Records for the exercise START

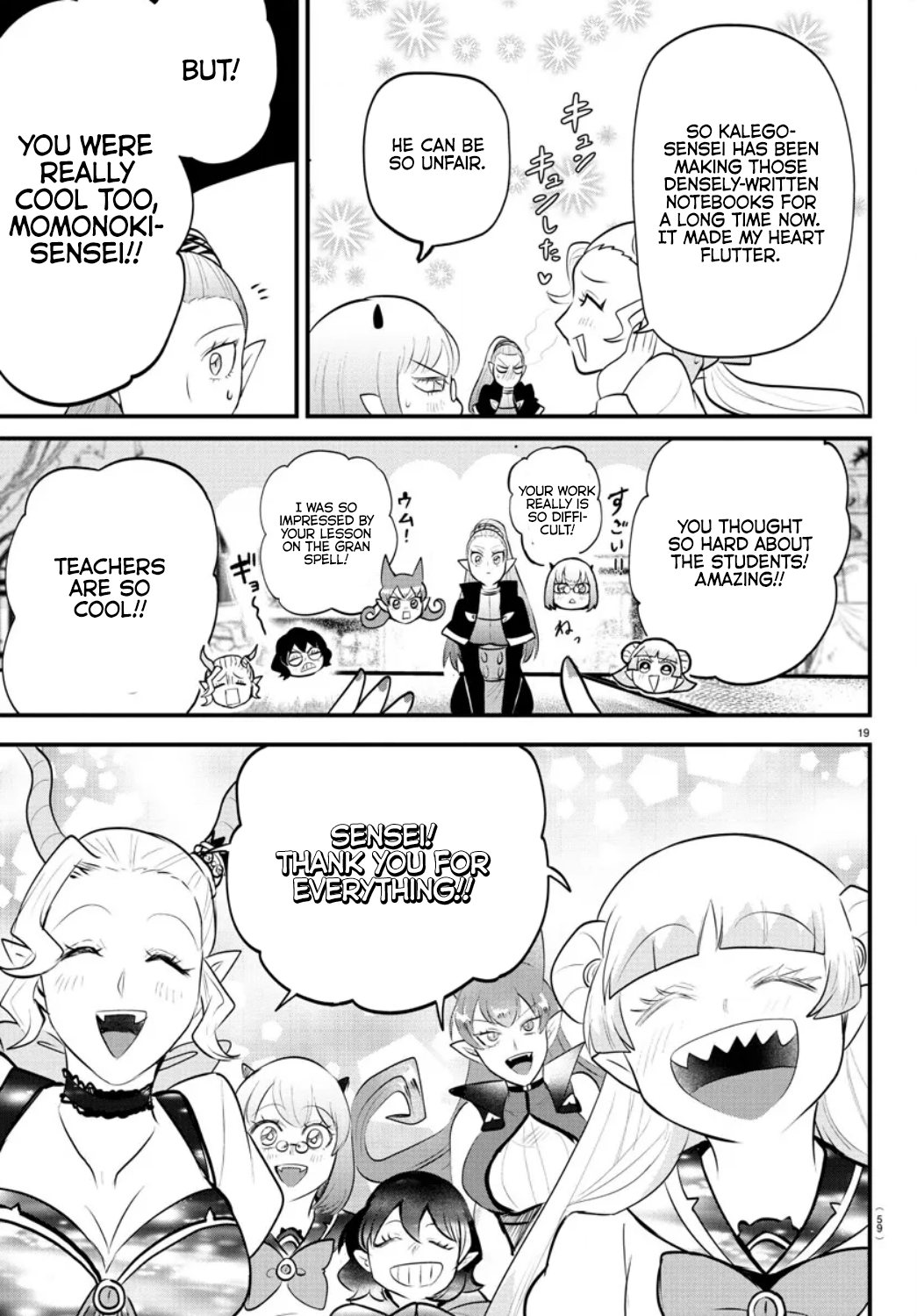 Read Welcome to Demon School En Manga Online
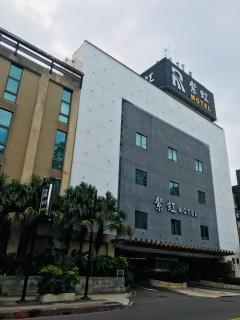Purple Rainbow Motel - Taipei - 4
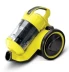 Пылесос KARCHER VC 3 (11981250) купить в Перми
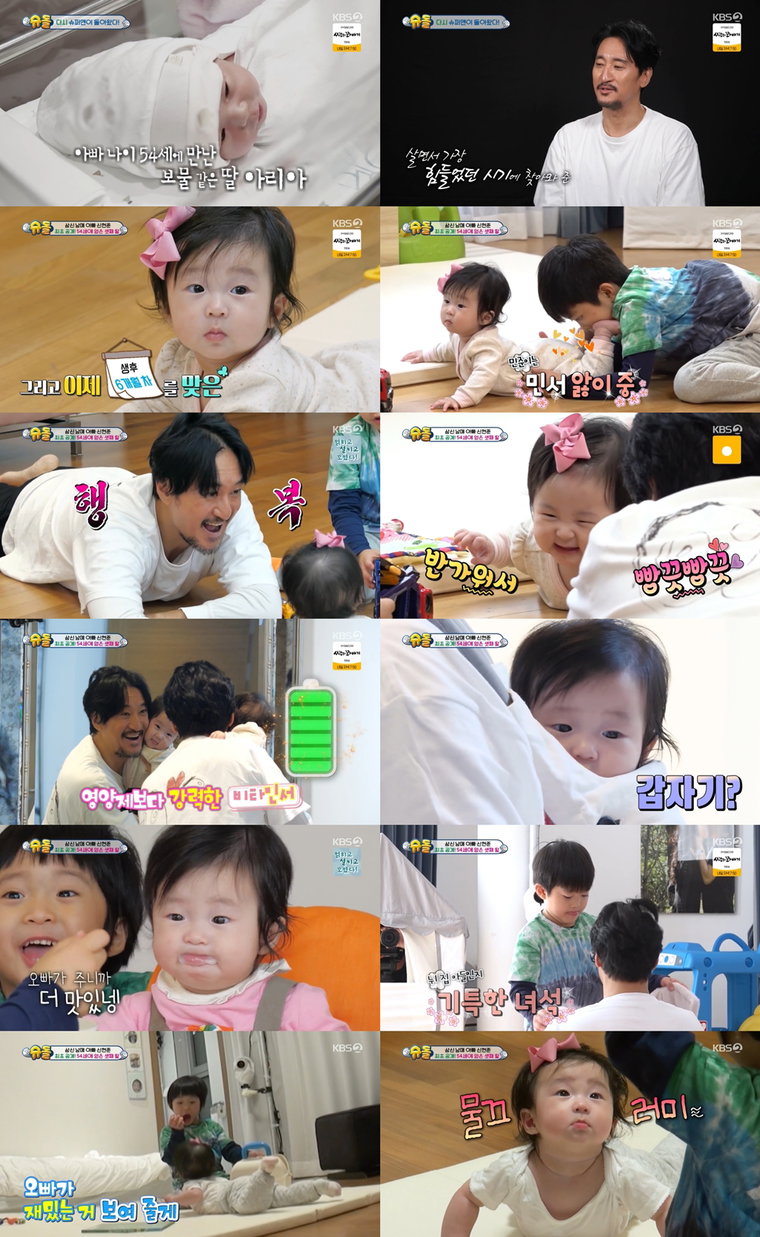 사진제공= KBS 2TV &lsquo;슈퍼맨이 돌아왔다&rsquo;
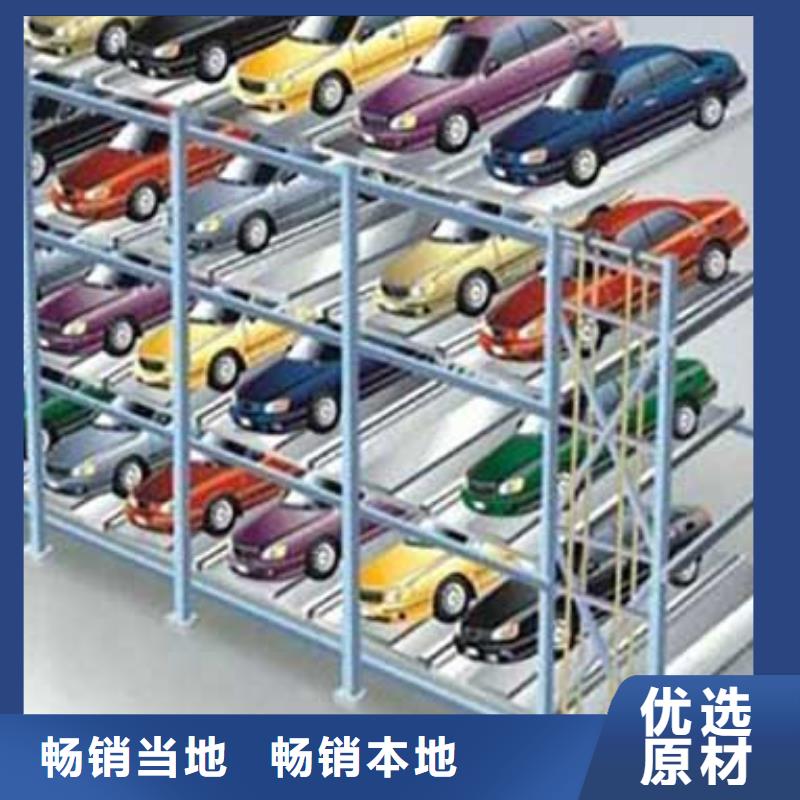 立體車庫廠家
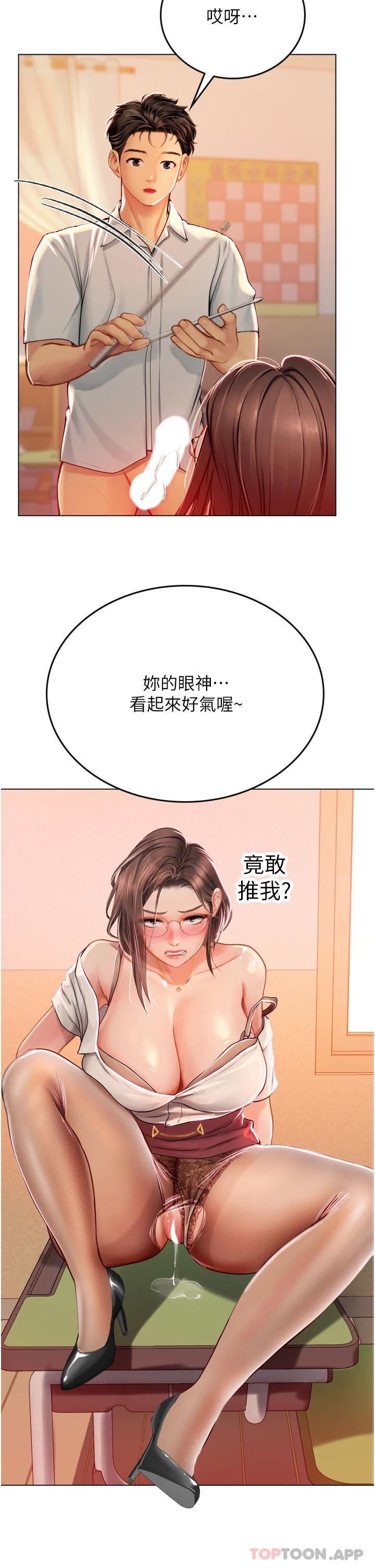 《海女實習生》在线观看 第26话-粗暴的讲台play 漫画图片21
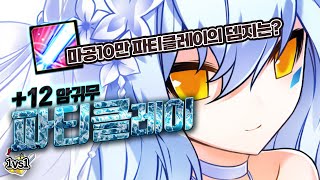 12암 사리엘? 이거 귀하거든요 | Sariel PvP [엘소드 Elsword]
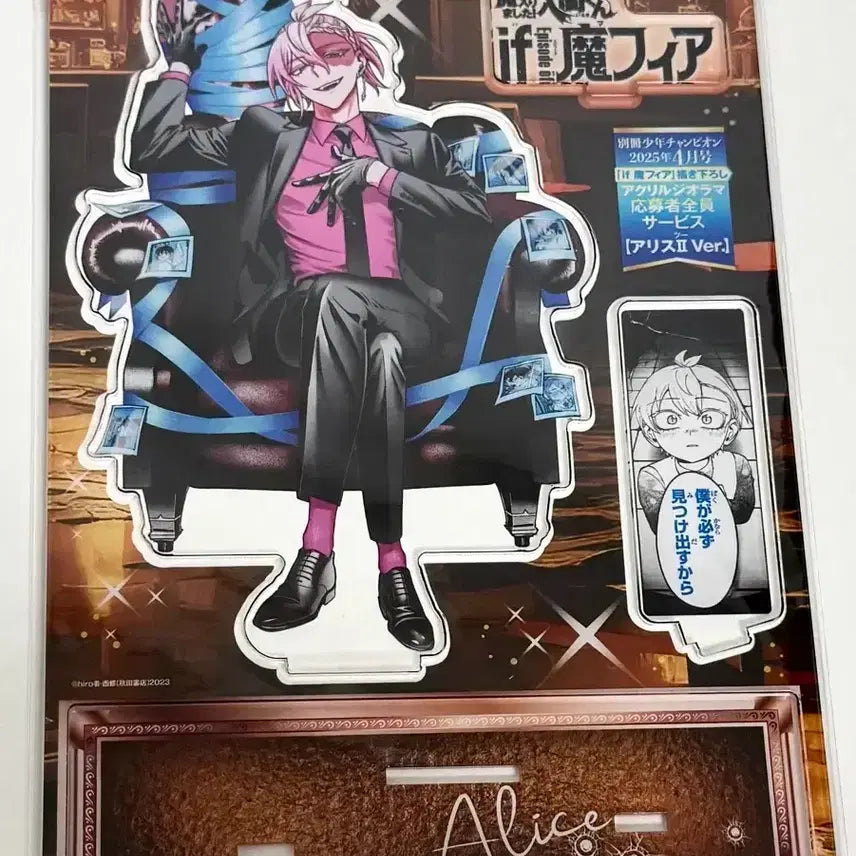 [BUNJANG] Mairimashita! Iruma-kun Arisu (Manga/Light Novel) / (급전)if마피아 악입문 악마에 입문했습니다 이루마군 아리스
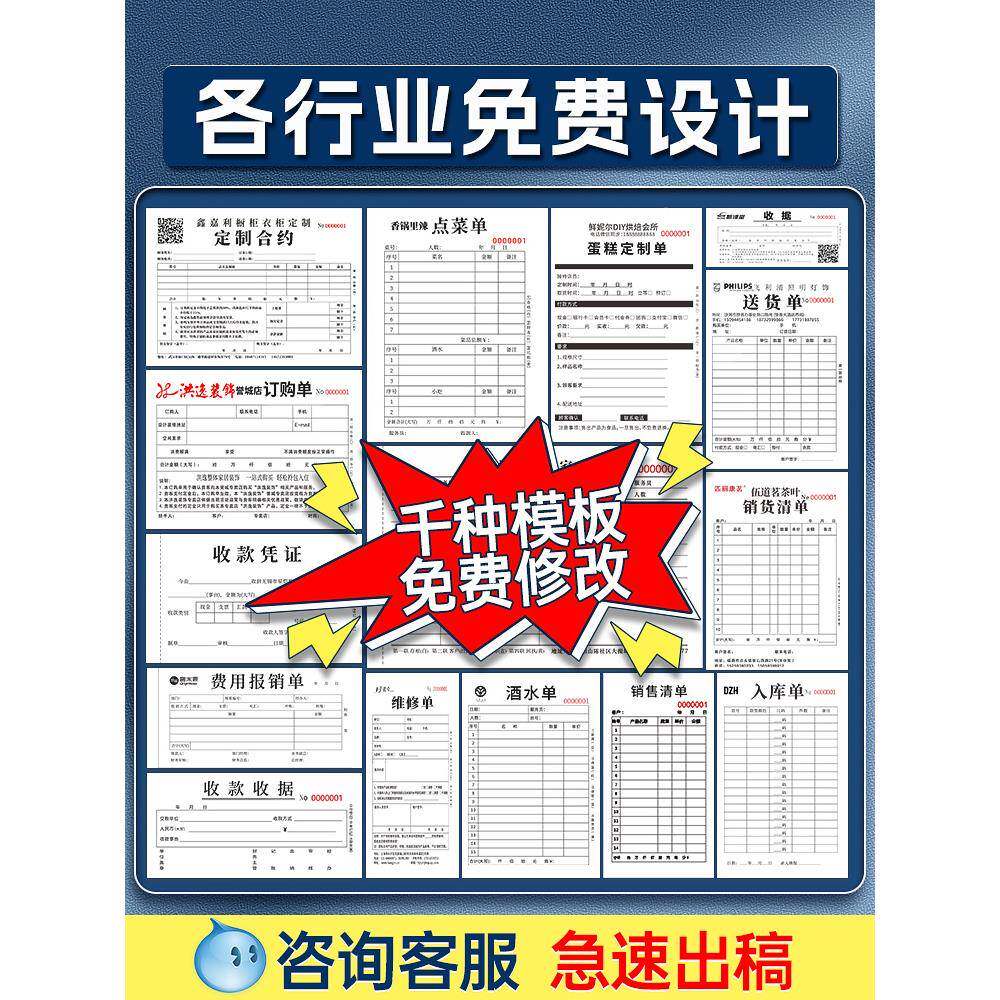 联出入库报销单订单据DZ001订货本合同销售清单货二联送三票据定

Records for the exercise END

## What is required
The expected output is every entry, retyped exactly, with all pictures removed.

## Result of this exercise
 Read Welcome to Demon School En Manga Online
Purple Rainbow Motel - Taipei - 4
 Пылесос KARCHER VC 3 (11981250) купить в Перми
 사진제공= KBS 2TV &lsquo;슈퍼맨이 돌아왔다&rsquo;
 立體車庫廠家
 《海女實習生》在线观看 第26话-粗暴的讲台play 漫画图片21
 12암 사리엘? 이거 귀하거든요 | Sariel PvP [엘소드 Elsword]
 [BUNJANG] Mairimashita! Iruma-kun Arisu (Manga/Light Novel) / (급전)if마피아 악입문 악마에 입문했습니다 이루마군 아리스
 联出入库报销单订单据DZ001订货本合同销售清单货二联送三票据定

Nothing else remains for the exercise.